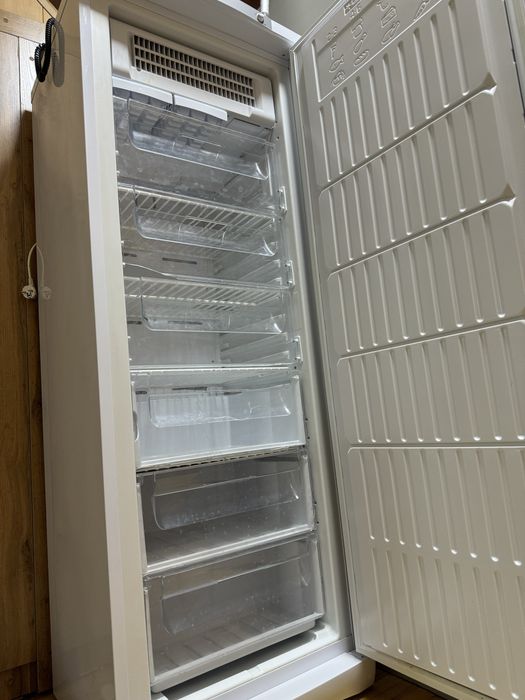 Морозильник Indesit 271 L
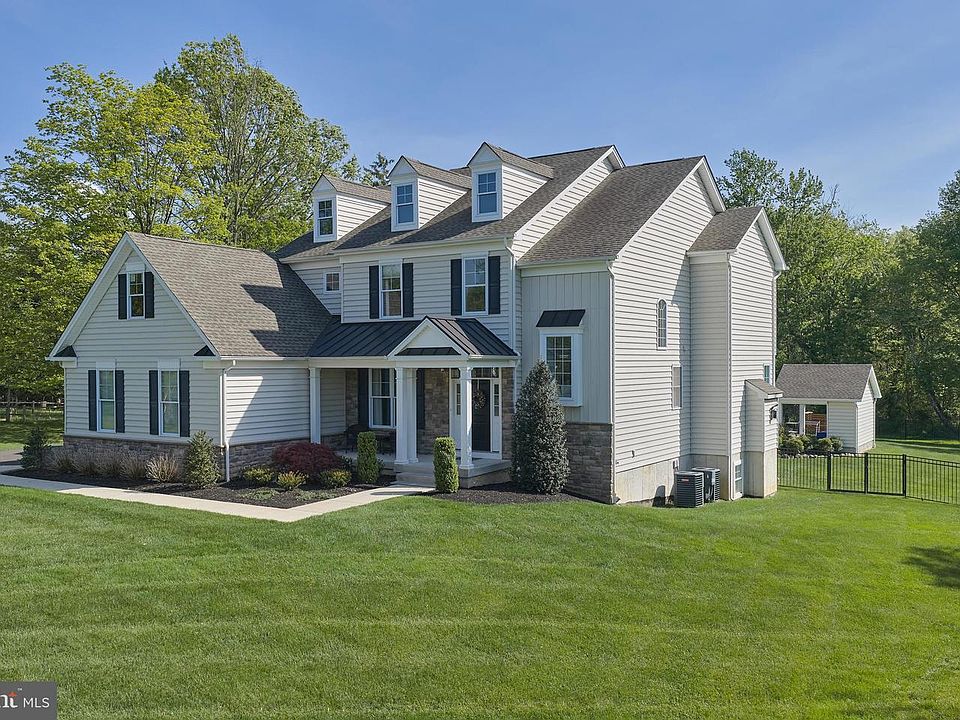 1st image of 112 Winding Ln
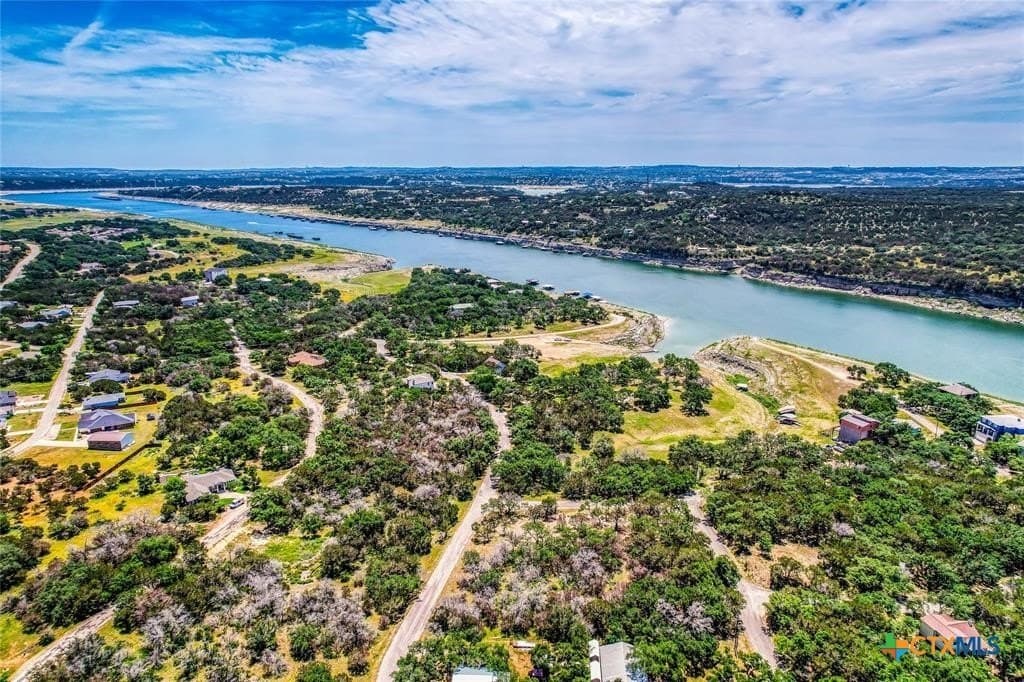 0.25 acres in Travis County - photo 10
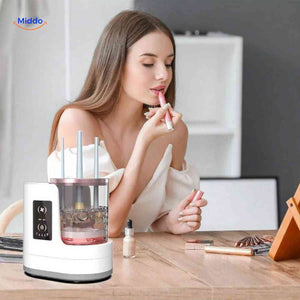 nettoyeur pinceaux maquillage design elegant pour une hygiene optimale des pinceaux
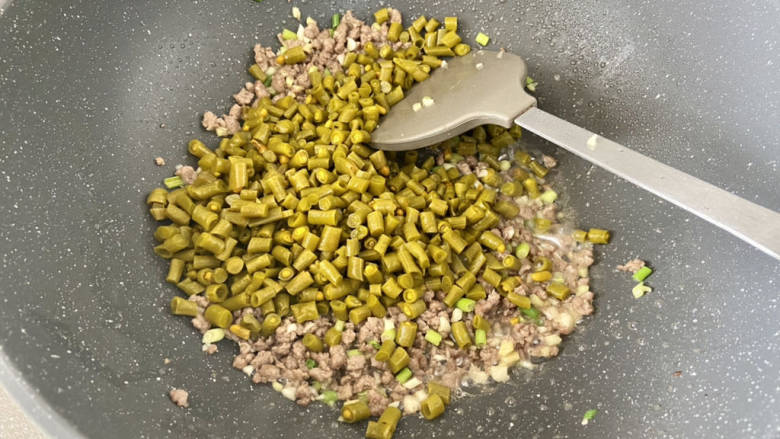 酸豆角炒茭白➕酸豆角牛肉炒茭白,加入酸豆角,中火煸炒,炒干水分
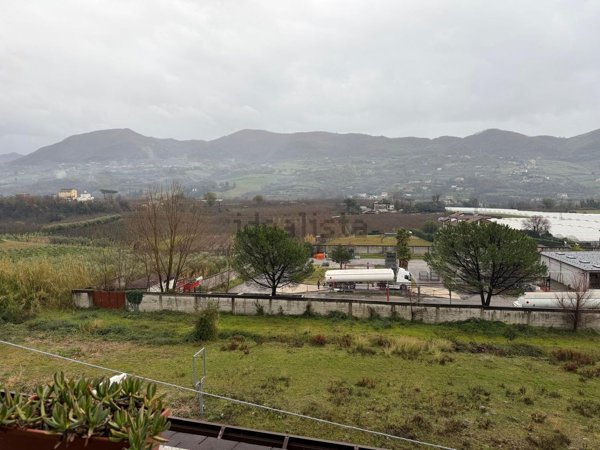 appartamento in vendita a Giffoni Sei Casali in zona Malche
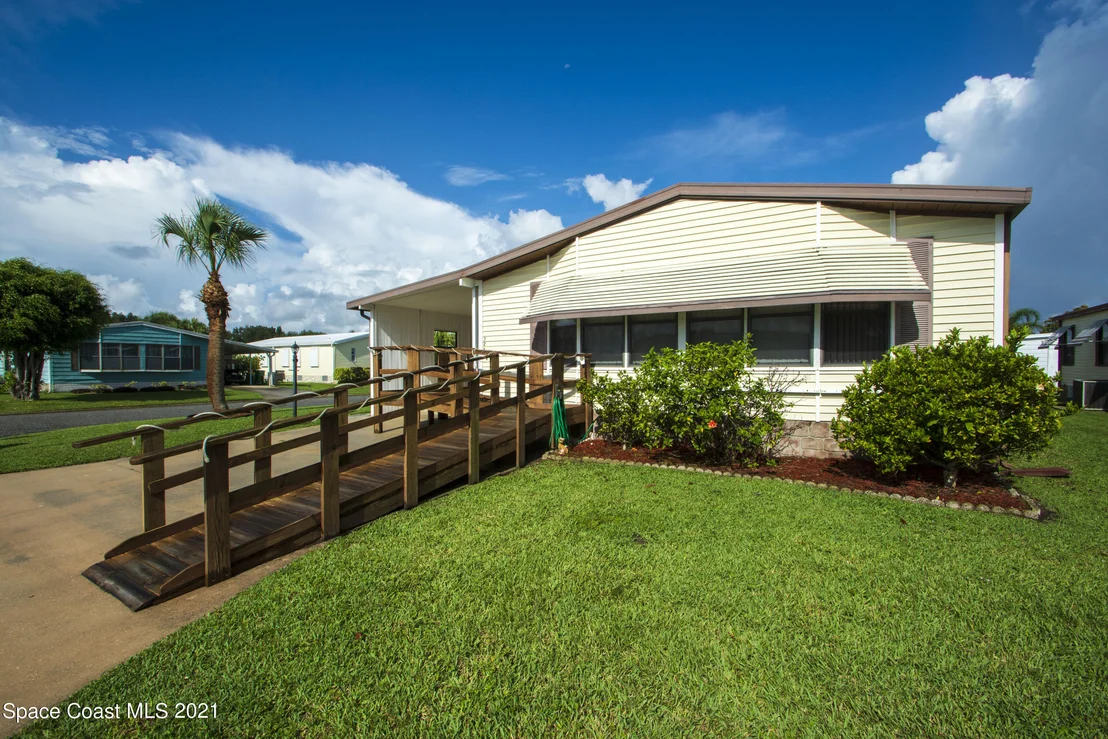 Photo of 526 Akee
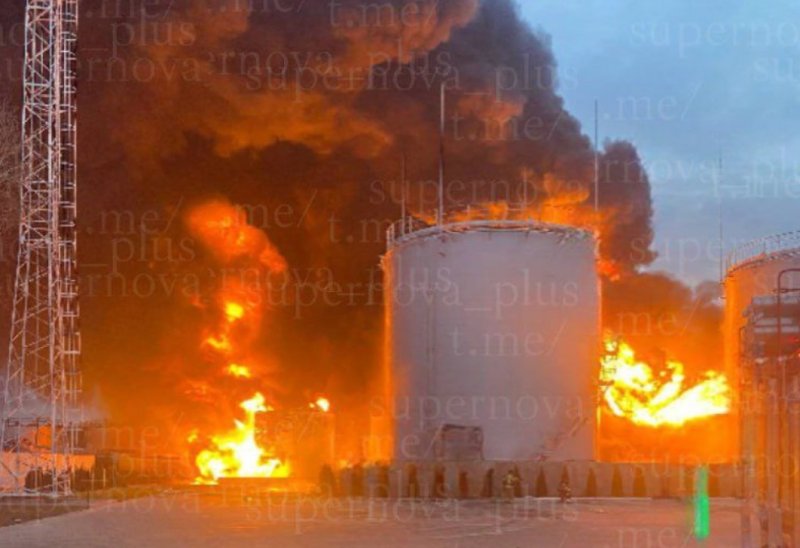 News about - Massive explosion after strike on oil depot in Russia-  VIDEO/PHOTO 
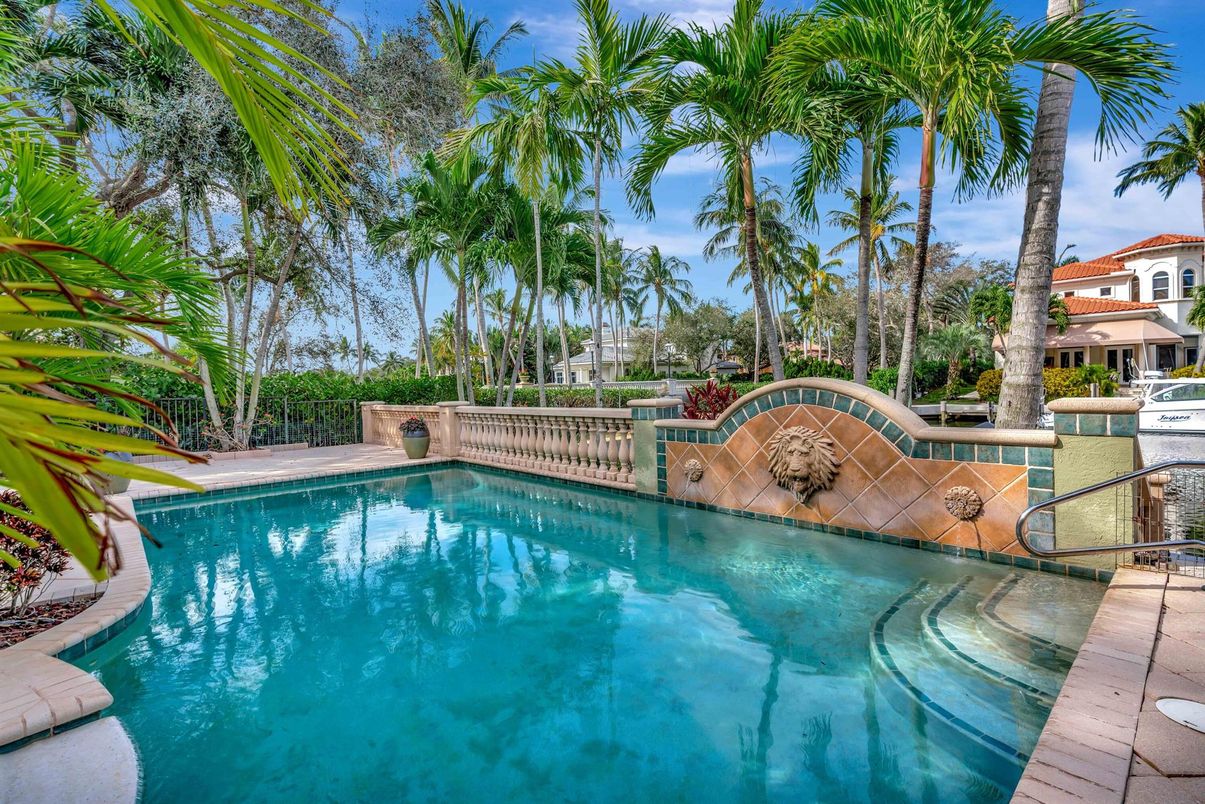 Exterior, Pool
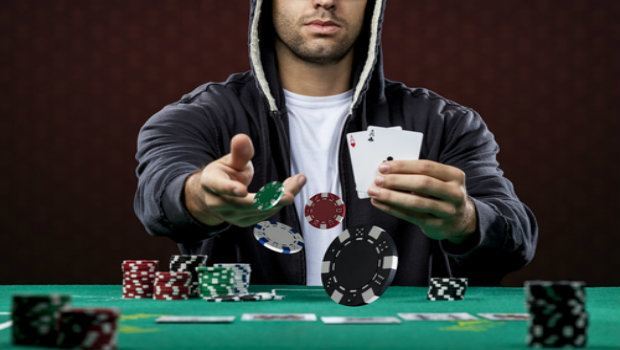 Poker bluff strategy game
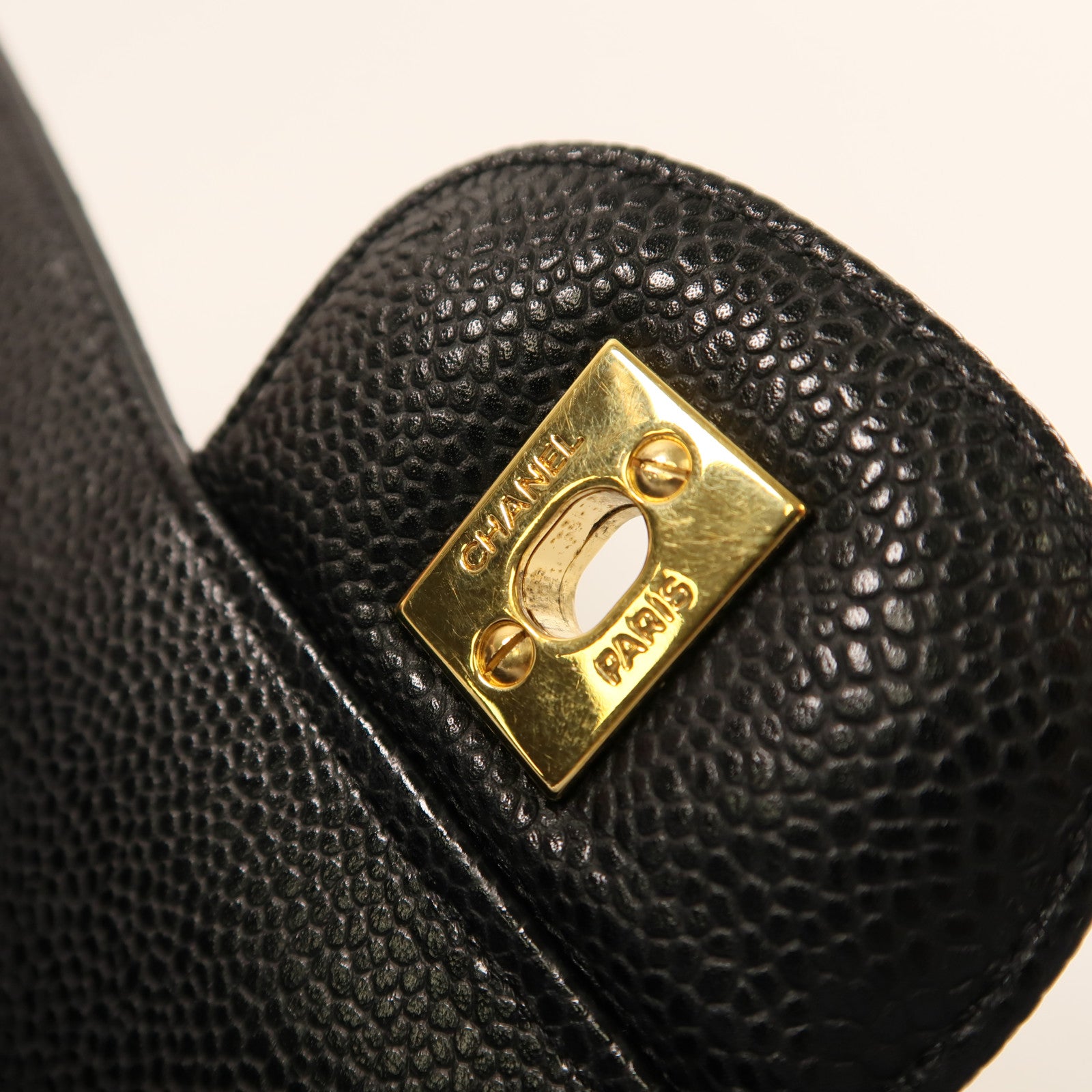 CHANEL 牛皮皮革Large Classic金扣鏈帶肩背袋黑色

Work task = Retype all entries exactly, without the images.

Solution =
 Морозильник Indesit 271 L
 1st image of 112 Winding Ln
 0.25 acres in Travis County - photo 10
 nettoyeur pinceaux maquillage design elegant pour une hygiene optimale des pinceaux
 酸豆角炒茭白➕酸豆角牛肉炒茭白,加入酸豆角,中火煸炒,炒干水分
 appartamento in vendita a Giffoni Sei Casali in zona Malche
 Photo of 526 Akee
 News about - Massive explosion after strike on oil depot in Russia-  VIDEO/PHOTO 
 Exterior, Pool
 Poker bluff strategy game
 CHANEL 牛皮皮革Large Classic金扣鏈帶肩背袋黑色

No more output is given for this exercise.